そういった意味では第一三共の成長そのものが株主還元と言えないこともありません。

配当金や株主優待は値上がり益におまけで付いてくるようなものと考えておくとよいでしょう。

第一三共(4568)の株価分析を競合他社と比較

第一三共の競合としては武田薬品工業、大塚ホールディングス、アステラス製薬などが挙げられます。

いずれも売上高や事業内容も類似しています。

まずは武田薬品工業の株価分析を見てみましょう。

武田薬品工業の株価は第一三共とは対称的に下落基調にあります。

ただ、これは逆に買い時とも言えます。

武田薬品工業の実際の業績はそれほど悪くありません。

株価指標を見ても割安と判断される材料が多数あります。

第一三共と比較して株価の単価も安いため購入しやすいという特徴もあります。

資金力に不安のある人にとっては注目に値する銘柄と言って良いのではないでしょうか。 次に大塚ホールディングスです。

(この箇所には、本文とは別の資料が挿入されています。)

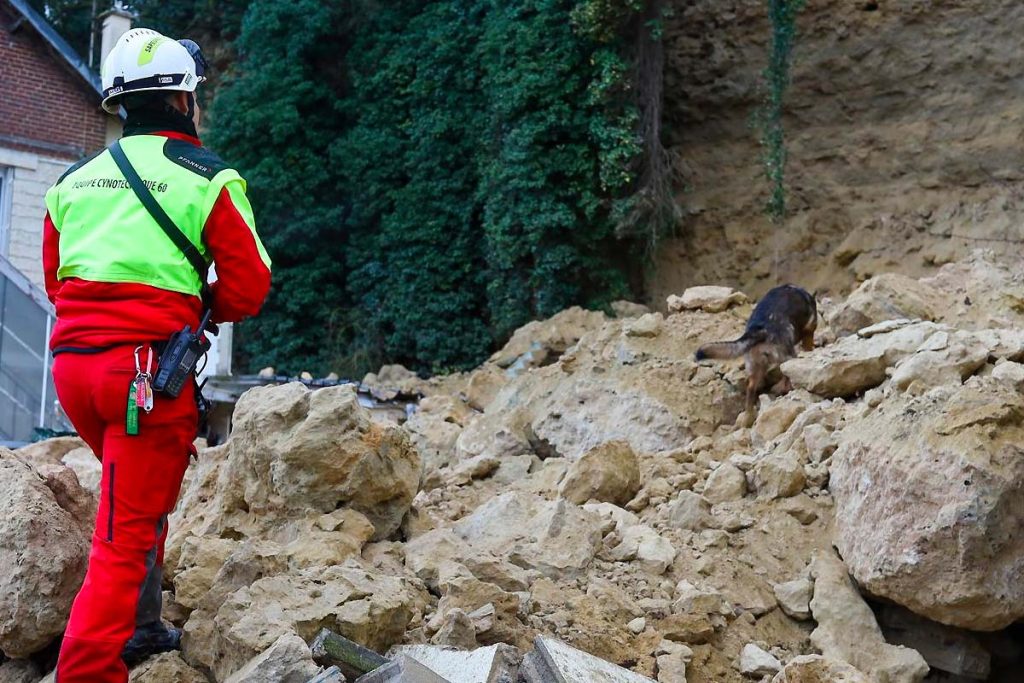 glissement de terrain thiverny recherche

ポカリスエットで知られる大塚ホールディングスですが、実際は医療関連事業のほうが売上高に大きな割合を占めます。

そんな大塚ホールディングスの株価もまた第一三共とは異なる動きをしています。

チャートを見てもらえると分かりますが、短期的にはなかなかに株価分析が難しい形状をしています。

これはある程度中長期で見ても同様に先行き不透明です。

したがって、第一三共のように明らかに買いに適しているタイミングとは言えません。

そもそも大塚ホールディングスは、大塚製薬以外にも大塚倉庫や大塚化学などの子会社を持っているため株価分析が難しいところです。

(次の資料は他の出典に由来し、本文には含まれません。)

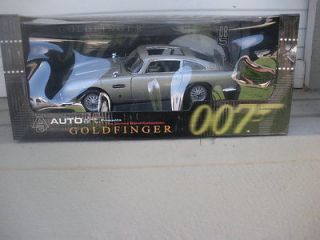 18 JAMES BOND OO7 ASTON MARTIN DB5 GOLDFINGER WITH WEAPONS SILVER BY 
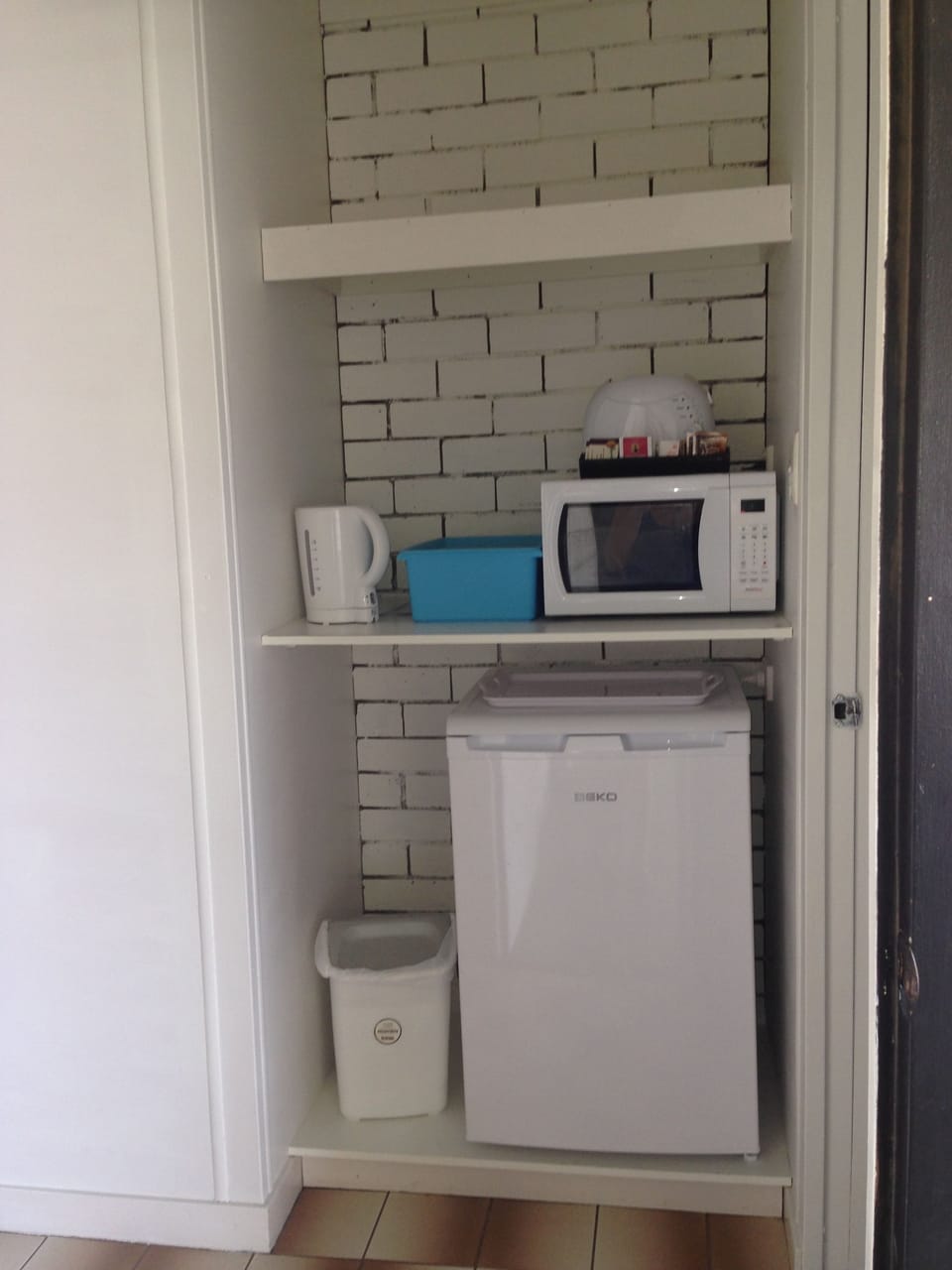 Standard Suite, 1 Bedroom, Non Smoking, Kitchenette (Twin Room (2 single beds)) | Private kitchenette | Coffee/tea maker, fridge, microwave, oven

シンプルに製薬業界に投資したいのであれば、やはり第一三共のような企業を選ぶことをおすすめします。 最後にアステラス製薬です。

波はあるもののアステラス製薬の株価は軟調。

中長期で見ても第一三共のように明らかに上り調子といった傾向は見られません。

ただ、アステラス製薬の株価は比較的分かりやすい波を描きがちです。

うまくタイミングをつかめる人は短期・中期の売買で利益を狙うことも可能でしょう。

総じて、現在の製薬業界では第一三共の一人勝ちといった印象です。

ただし、製薬業界の株価は研究開発の結果に大きく左右される側面がありますので、その点には注意しておきましょう。

第一三共(4568)の株価分析と配当金・株主優待を分かりやすく解説 まとめ

第一三共の株価分析と配当金・株主優待を解説してきました。

株価分析については、分かりやすい業績とチャートの値動きから良い買い場と判断できる材料が多数見られます。

一方で配当金は必ずしも高くはありませんし、第一三共には株主優待もありません。

第一三共の株価は長期的に見れば継続的に高値を更新しつづけています。

第一三共に投資するのであれば長期保有を前提としたほうが良いでしょう。